Please return exactly the lines below that run from the line with "2x Klistremerke for" through the end of the listing, both included, but not the pictures.

=== Dataset records ===

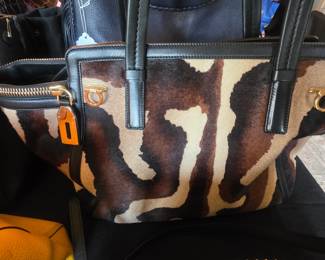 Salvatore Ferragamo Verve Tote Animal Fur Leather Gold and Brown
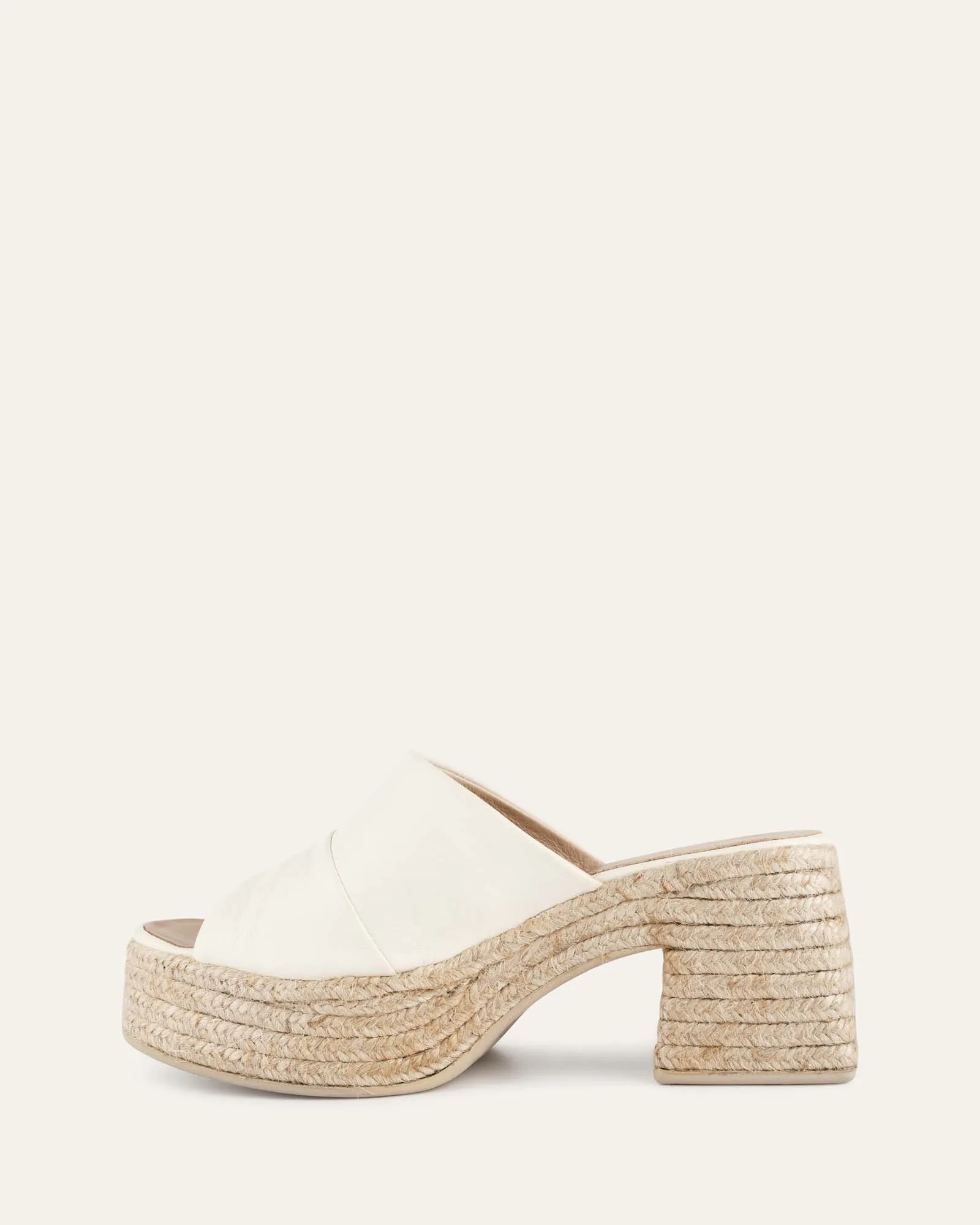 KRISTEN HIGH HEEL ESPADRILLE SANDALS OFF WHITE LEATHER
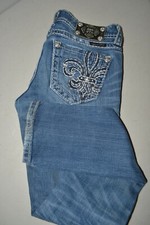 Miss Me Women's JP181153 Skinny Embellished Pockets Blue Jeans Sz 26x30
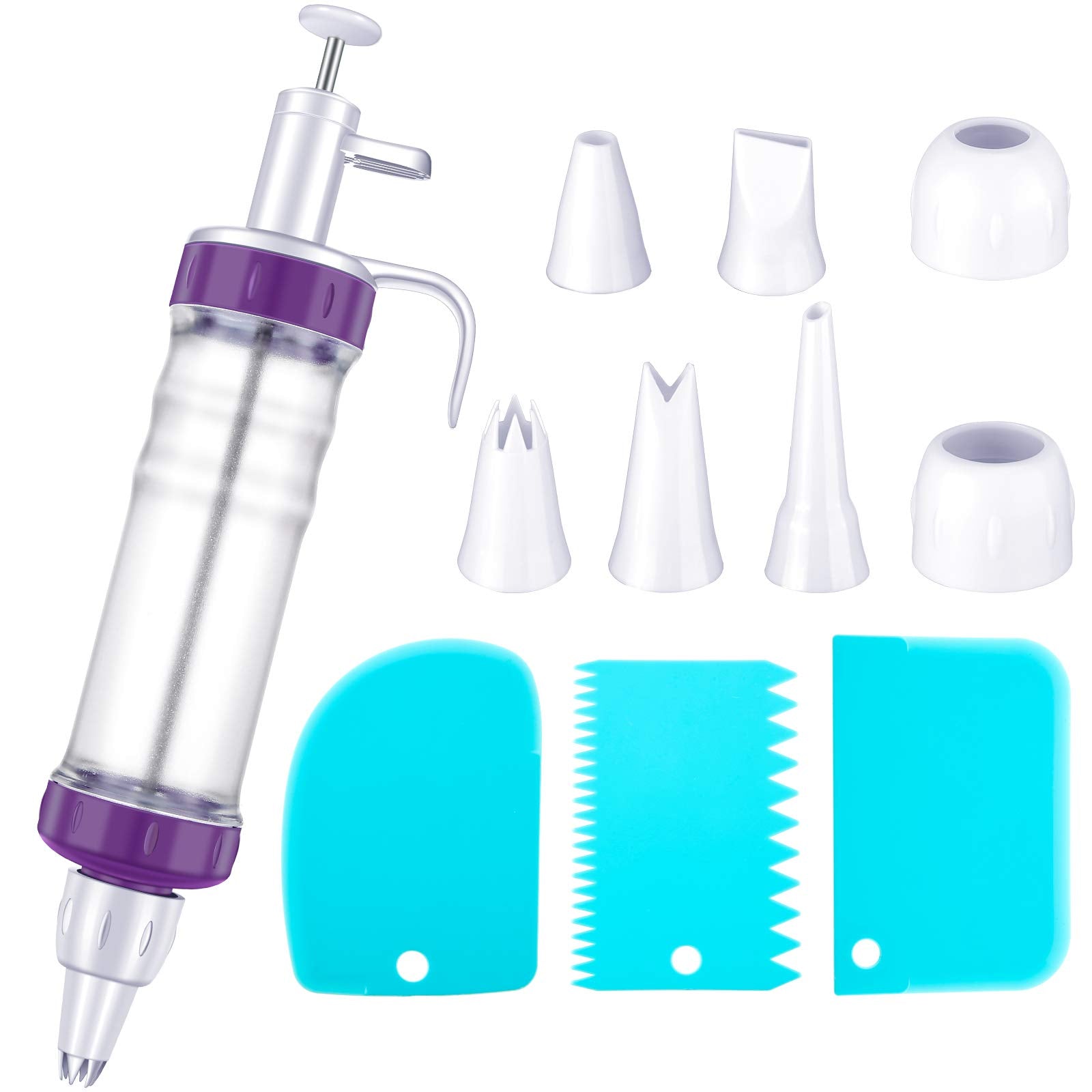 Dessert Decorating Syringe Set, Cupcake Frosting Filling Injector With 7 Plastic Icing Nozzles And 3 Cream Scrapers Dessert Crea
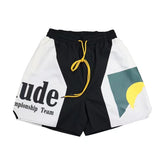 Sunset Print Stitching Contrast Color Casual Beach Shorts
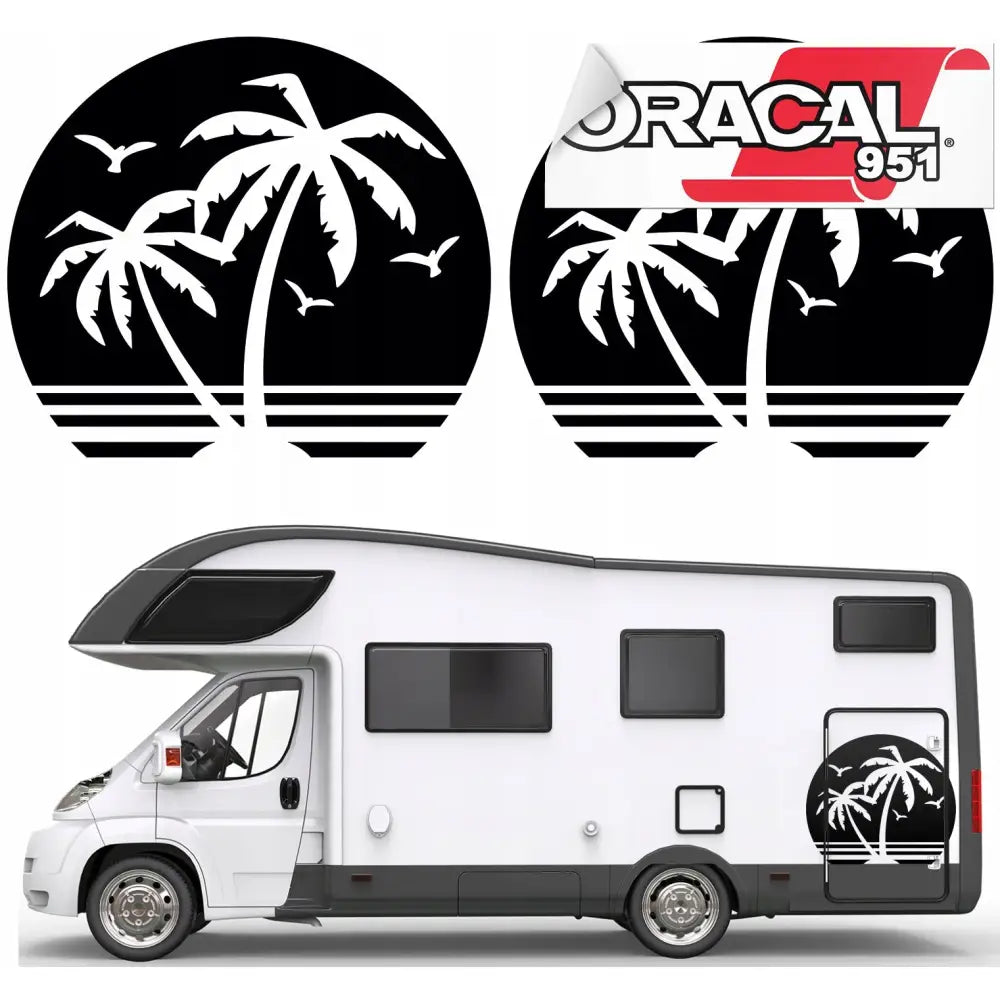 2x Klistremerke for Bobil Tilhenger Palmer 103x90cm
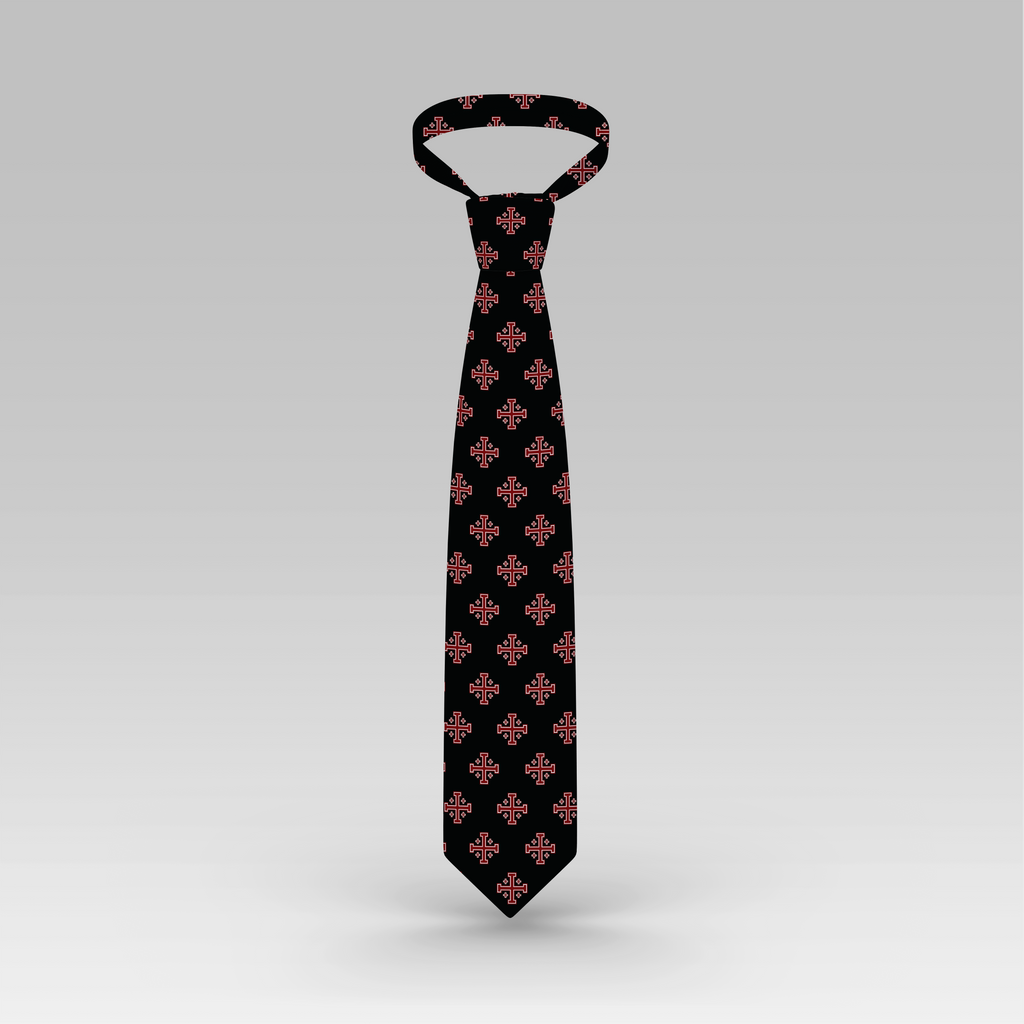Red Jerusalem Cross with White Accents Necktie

===

• _Completed task_
 2x Klistremerke for Bobil Tilhenger Palmer 103x90cm
Red Jerusalem Cross with White Accents Necktie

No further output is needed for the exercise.